But the Commerce Commission was more helpful. In March, GlaxoSmithKline pleaded guilty to 15 charges, paid almost $200,000 in fines and was forced to launch a major ad campaign apologizing to the public.
The girls became instant stars. Devathasan told a reporter: “I love it. Every time I see the new Ribena ad, the one where they don’t mention any vitamin C, I’m just like, ‘Oh, yeah, that’s me.’”
The story doesn’t end there. When I went looking for what’s happened to Devathasan and Chuo since spring, I found something else about the girls — and New Zealand — that was more shameless than I’d expected.

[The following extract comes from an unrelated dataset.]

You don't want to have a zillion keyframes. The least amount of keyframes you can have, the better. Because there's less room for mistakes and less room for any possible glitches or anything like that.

This past July, Devathasan and Chuo were both part of Youth Parliament 2007, an event that gets youth involved in democracy by participating in real government. Over four days, 121 youth MPs debated policy and questioned cabinet ministers, people from across the country voted on what topics the youth MPs would debate and a youth press gallery reported on the proceedings. An international panel of observers from eight countries also showed up to study how to engage youth in democracy.

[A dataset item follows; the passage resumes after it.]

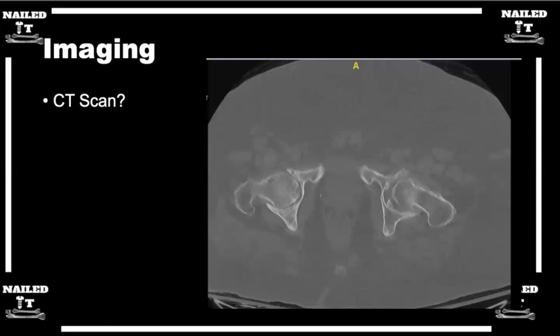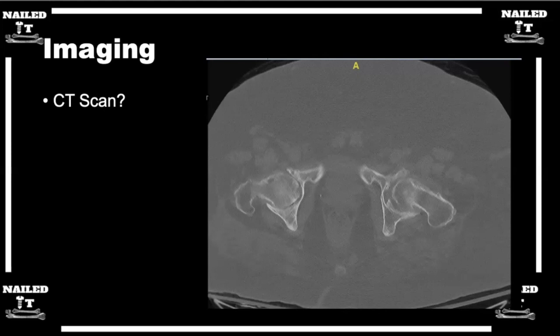Are you getting a CT scan for every case, or is it for questionable displacement? For me, a CT scan is helpful when I don't fully understand the fracture pattern — for example, if we're trying to decide whether it's truly displaced or impacted and the lateral view doesn't help, or whether it's basicervical versus transcervical. This CT scan you're showing has a little bit of arthritic change. If you're worried about a cyst or a potential pathologic fracture, CT can help in those settings as well.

The youth delegates were a diverse group: 60 percent women, with Maori, Pacific, South and East Asian representation and one hearing-impaired youth MP. Planned by the Ministry of Youth Development and the Minister of Youth Affairs, Youth Parliament is held about every four years.
Ministry of Youth Development? According to the ministry’s website, its purpose is to “encourage and assist the involvement of young people in the social, educational, economic and cultural development of New Zealand, both locally and nationally.” Funny, when Stephen Harper talks about youth, it’s usually gang violence, apathy and social degeneration.